How Evangelical Christianity is Unraveling from Within

Robert Preston Morris started Gateway Church, a prominent megachurch located in Southlake, Texas, in 2000, and served as its senior pastor. Morris was a member of a 25-person evangelical executive advisory board for Donald Trump’s winning 2016 presidential campaign. He also welcomed Trump to Gateway Church in June 2020 and was present at the White House Rose Garden ceremony in September 2020 for Amy Coney Barrett’s nomination to the U.S. Supreme Court. Morris was formally charged with five counts related to inappropriate acts involving a child and plead guilty to all charges in October 2025. This spiritual advisor to Donald Trump is now in jail and will have to register as a sex offender for the rest of his life.

Yet the general reaction I’ve heard has been more, “of course,” or an occasional yawn than screams of outrage. People seem to expect that evangelical pastors are reprehensible.

Evangelical Christianity is facing a crisis from within.

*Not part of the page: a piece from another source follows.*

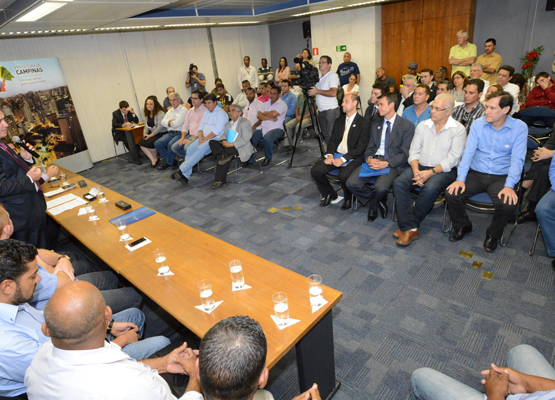 Público e autoridades presentes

It is destroying itself through four intersections of hypocrisy: a political alignment that contradicts Jesus’ core teachings, a growing perception of inauthenticity among younger Christians, repeated scandals including sexual abuse and an insistence on biblical inerrancy. I’m not opposed to such collapse, though I’m concerned that mainline faith could also suffer some secondary damage in the short run.  

Let’s look at some of these four betrayals and consider how as mainliners, we can present a more authentic faith.

Political Alignment with Christian Nationalism Over the Words of Christ

One would think that an evangelical Christian would be most concerned with spreading the Christ’s words – evangelism is supposed to be the act of sharing the gospel after all – than identifying with a country or political movement. Yet many prominent evangelical leaders, universities and other institutions are publicly supporting political agendas that are in direct opposition to the Gospel’s throughline of compassion, protection of the vulnerable, peacemaking, humility and generosity. Many, like the sex offender mentioned at the top of this blog, have gone out of their way to provide public endorsements of candidates and positions that emphasize the consolidation of political power against the marginalized, even though such positions contradict Jesus’ own words.

This creates a situation where the lines between church and self-interest are puzzlingly blurred. It jeopardizes the very credibility of the faith and our own moral witness. When a part of the church, even this unruly and defiant group that calls themselves evangelicals, appears to be more invested in wealth, racial privilege, and political influence than they are in the values of Jesus, the moral authority of the entire faith is called into question. Most human beings judge us by our authenticity, our love, our generosity and rootedness, not the pursuit of temporal advantages and partisan gains.

This is particularly true for young people who are disillusioned by moral inconsistency. When religious leaders defend positions that are in conflict with faith or commit outright crimes, trust in the faith is eroded. Evangelical Christianity is alienating a generation that cares about things like healing racial divides, climate change, authenticity and justice. Evangelicals have lost the plot on all the issues that matter both today and to our Lord. It’s too late for them, but mainline denominations still have work to do to reexamine what political action actually means in God’s kingdom and recommit to the moral principles that got Jesus killed in the first place.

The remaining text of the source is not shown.